## Work to be completed
Below are entries with pictures in them. Output exactly the lines starting at the line with "Trendy Two layered" and ending at the line with "Simple Glossy High-grade", both included, but not the pictures.

## Record set
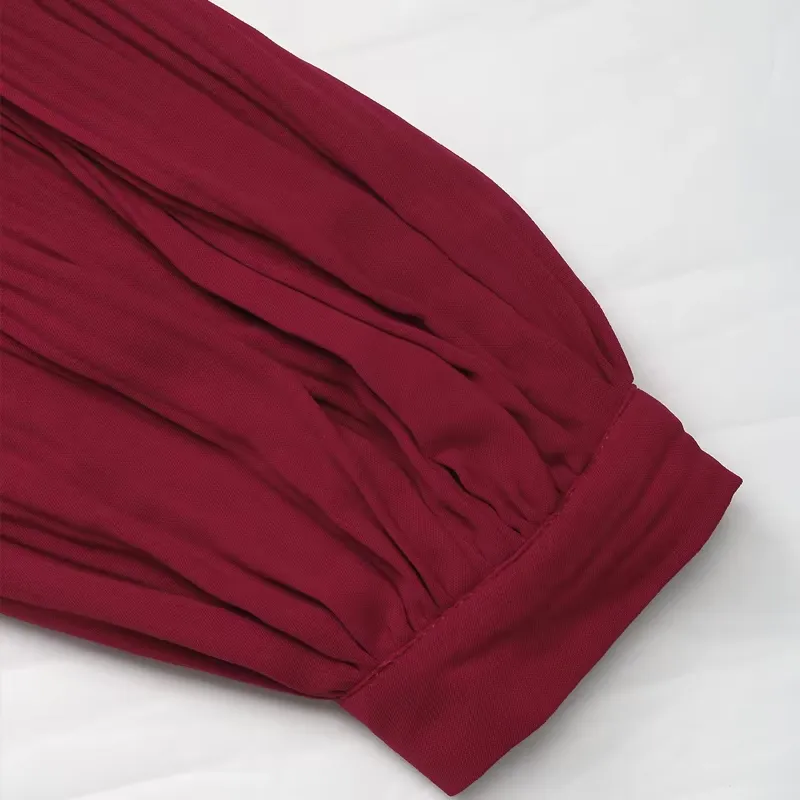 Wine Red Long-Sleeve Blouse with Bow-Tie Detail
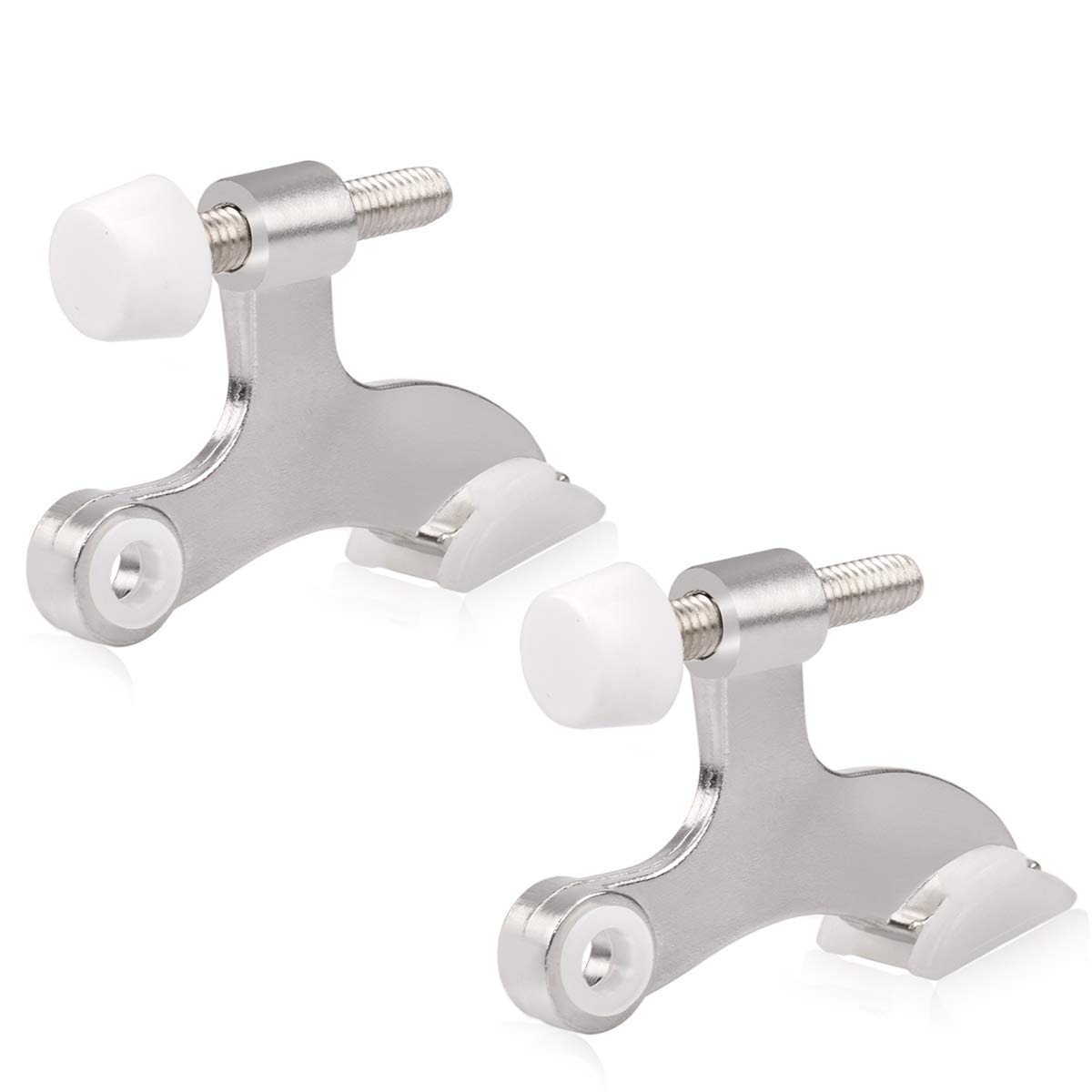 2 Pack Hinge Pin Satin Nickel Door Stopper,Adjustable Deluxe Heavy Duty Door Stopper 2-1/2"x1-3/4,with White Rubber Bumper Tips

==

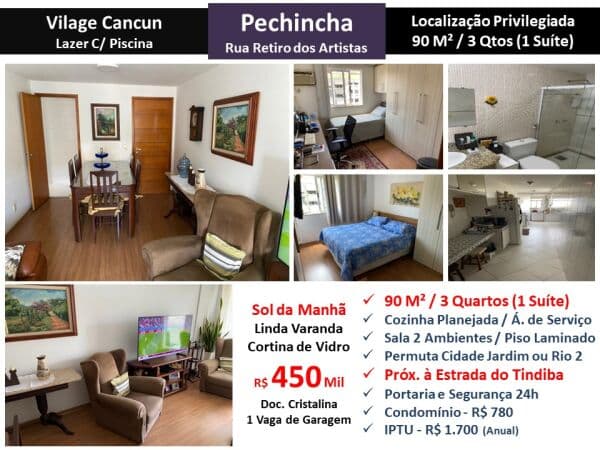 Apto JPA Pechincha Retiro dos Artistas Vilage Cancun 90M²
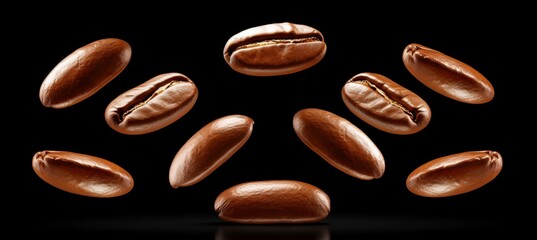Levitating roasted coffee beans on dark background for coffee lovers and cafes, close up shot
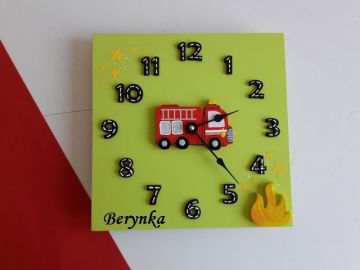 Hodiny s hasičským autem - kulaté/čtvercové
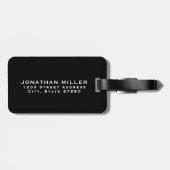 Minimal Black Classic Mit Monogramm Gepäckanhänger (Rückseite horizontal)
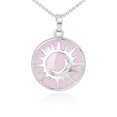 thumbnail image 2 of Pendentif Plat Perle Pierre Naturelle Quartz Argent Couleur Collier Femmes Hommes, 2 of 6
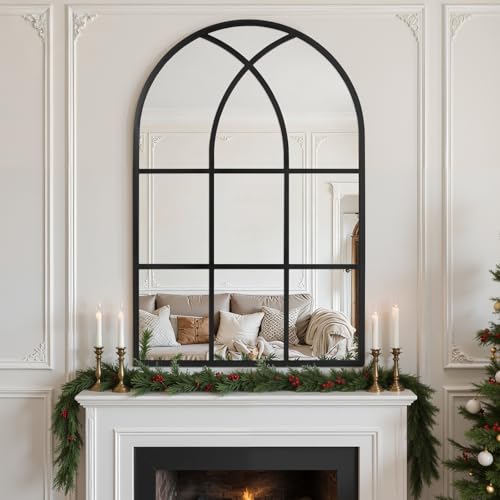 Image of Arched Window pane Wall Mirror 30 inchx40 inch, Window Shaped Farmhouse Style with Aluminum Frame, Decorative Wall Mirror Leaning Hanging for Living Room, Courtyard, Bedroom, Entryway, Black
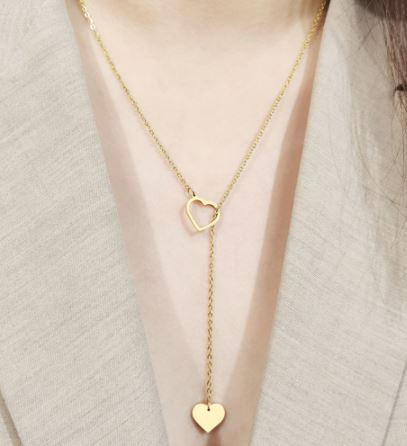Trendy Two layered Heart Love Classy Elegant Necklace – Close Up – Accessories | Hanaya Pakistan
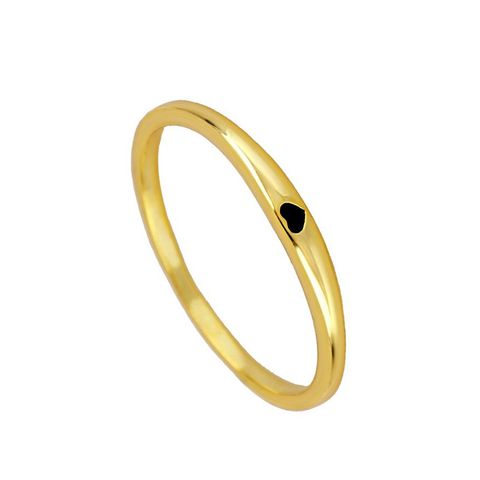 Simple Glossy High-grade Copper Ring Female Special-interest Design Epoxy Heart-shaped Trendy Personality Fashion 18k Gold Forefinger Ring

--

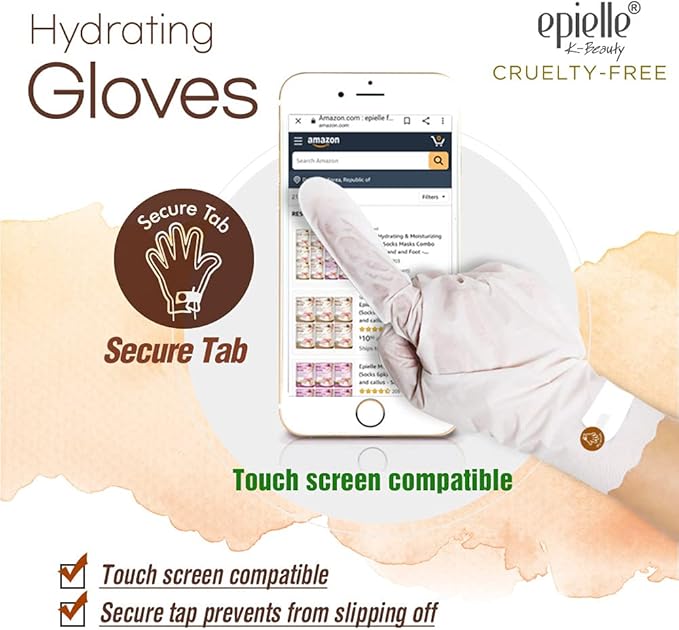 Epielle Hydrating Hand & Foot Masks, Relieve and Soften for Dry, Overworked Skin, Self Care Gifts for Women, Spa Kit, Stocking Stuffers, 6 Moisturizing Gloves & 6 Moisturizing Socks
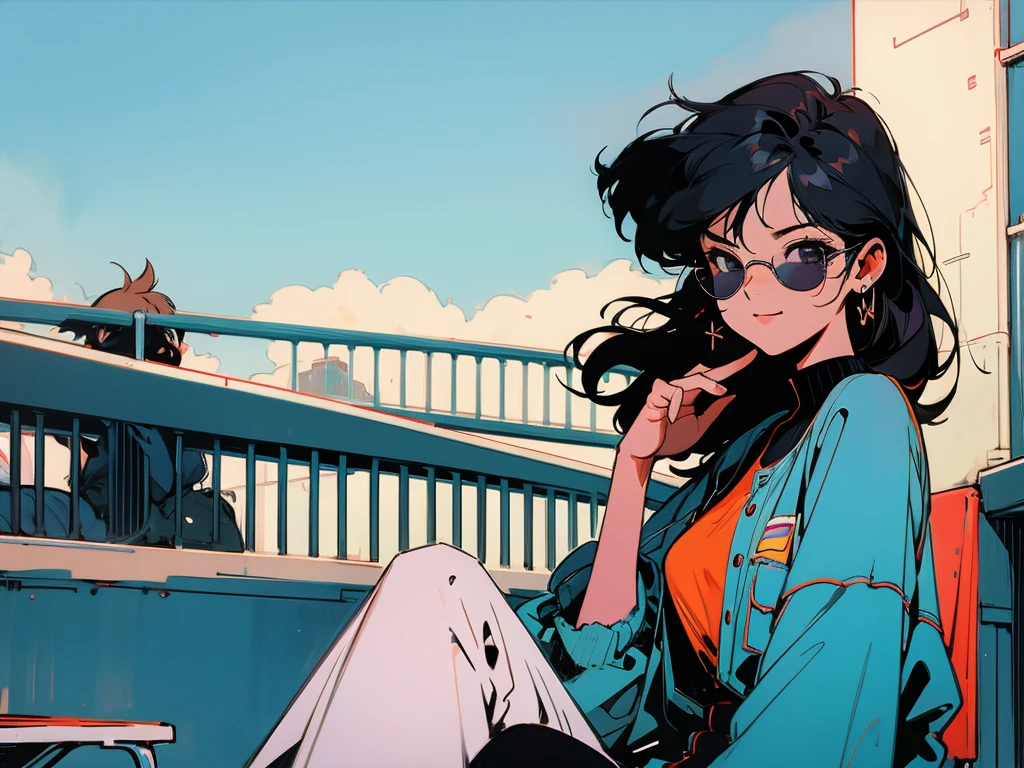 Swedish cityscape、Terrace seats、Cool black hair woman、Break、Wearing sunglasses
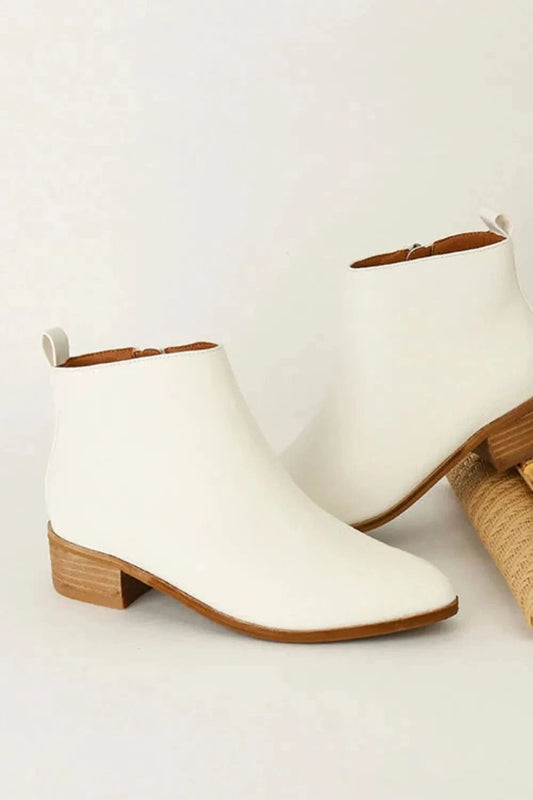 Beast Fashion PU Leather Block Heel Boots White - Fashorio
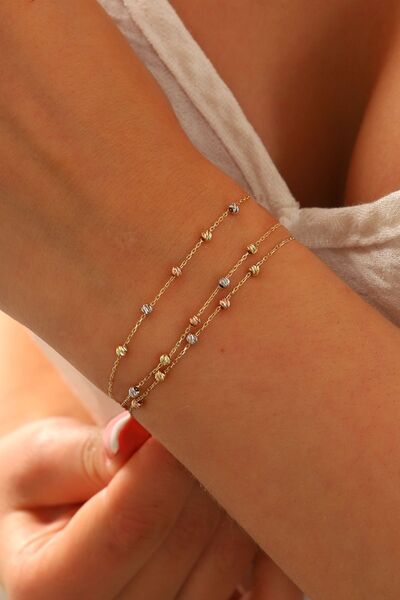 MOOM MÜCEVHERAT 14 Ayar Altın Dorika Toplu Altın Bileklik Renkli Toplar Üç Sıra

## Result of the exercise
Trendy Two layered Heart Love Classy Elegant Necklace – Close Up – Accessories | Hanaya Pakistan
 Simple Glossy High-grade Copper Ring Female Special-interest Design Epoxy Heart-shaped Trendy Personality Fashion 18k Gold Forefinger Ring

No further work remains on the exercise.